● About this exercise:
Which lines in the data below contain the word "found"? Return each of them.

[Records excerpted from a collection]
================================

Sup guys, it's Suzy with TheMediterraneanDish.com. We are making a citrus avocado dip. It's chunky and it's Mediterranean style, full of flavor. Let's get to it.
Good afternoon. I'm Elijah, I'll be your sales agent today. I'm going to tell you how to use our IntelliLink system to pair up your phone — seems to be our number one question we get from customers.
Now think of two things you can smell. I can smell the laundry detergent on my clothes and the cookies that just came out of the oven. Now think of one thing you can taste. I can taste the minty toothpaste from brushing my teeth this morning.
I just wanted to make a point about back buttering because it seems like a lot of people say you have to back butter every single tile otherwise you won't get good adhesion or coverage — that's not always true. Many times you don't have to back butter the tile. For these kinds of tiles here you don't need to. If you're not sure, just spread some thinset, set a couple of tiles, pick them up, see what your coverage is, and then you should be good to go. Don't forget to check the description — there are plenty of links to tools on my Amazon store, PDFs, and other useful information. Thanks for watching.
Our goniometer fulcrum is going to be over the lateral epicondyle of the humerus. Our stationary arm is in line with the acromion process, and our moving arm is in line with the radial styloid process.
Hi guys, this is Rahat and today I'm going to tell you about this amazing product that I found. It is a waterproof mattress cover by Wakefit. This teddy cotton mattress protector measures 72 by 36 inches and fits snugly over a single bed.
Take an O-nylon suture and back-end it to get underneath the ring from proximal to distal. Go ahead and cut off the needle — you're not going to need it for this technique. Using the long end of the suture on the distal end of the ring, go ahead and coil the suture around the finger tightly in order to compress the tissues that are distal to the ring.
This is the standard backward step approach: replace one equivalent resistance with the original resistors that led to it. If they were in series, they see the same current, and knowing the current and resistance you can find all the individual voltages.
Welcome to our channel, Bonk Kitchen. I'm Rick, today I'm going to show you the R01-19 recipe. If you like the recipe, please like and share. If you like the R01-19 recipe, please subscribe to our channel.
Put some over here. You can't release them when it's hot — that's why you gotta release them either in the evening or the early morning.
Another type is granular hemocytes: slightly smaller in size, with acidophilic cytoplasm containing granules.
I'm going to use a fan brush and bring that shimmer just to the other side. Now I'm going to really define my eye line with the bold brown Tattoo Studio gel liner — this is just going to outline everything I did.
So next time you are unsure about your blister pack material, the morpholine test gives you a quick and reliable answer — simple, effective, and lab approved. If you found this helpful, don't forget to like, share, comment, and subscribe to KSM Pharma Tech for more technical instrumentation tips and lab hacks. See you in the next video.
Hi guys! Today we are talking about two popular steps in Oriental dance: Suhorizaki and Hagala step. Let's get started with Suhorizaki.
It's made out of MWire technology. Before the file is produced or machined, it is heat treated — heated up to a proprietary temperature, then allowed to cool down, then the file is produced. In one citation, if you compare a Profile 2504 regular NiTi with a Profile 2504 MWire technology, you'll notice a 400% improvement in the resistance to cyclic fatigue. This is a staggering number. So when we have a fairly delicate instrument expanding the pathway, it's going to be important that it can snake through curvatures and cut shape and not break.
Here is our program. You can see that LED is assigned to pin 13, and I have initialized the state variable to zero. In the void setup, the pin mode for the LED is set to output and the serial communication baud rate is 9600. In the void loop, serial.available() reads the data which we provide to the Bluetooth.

================================

● Output of the exercise:
Hi guys, this is Rahat and today I'm going to tell you about this amazing product that I found. It is a waterproof mattress cover by Wakefit. This teddy cotton mattress protector measures 72 by 36 inches and fits snugly over a single bed.
So next time you are unsure about your blister pack material, the morpholine test gives you a quick and reliable answer — simple, effective, and lab approved. If you found this helpful, don't forget to like, share, comment, and subscribe to KSM Pharma Tech for more technical instrumentation tips and lab hacks. See you in the next video.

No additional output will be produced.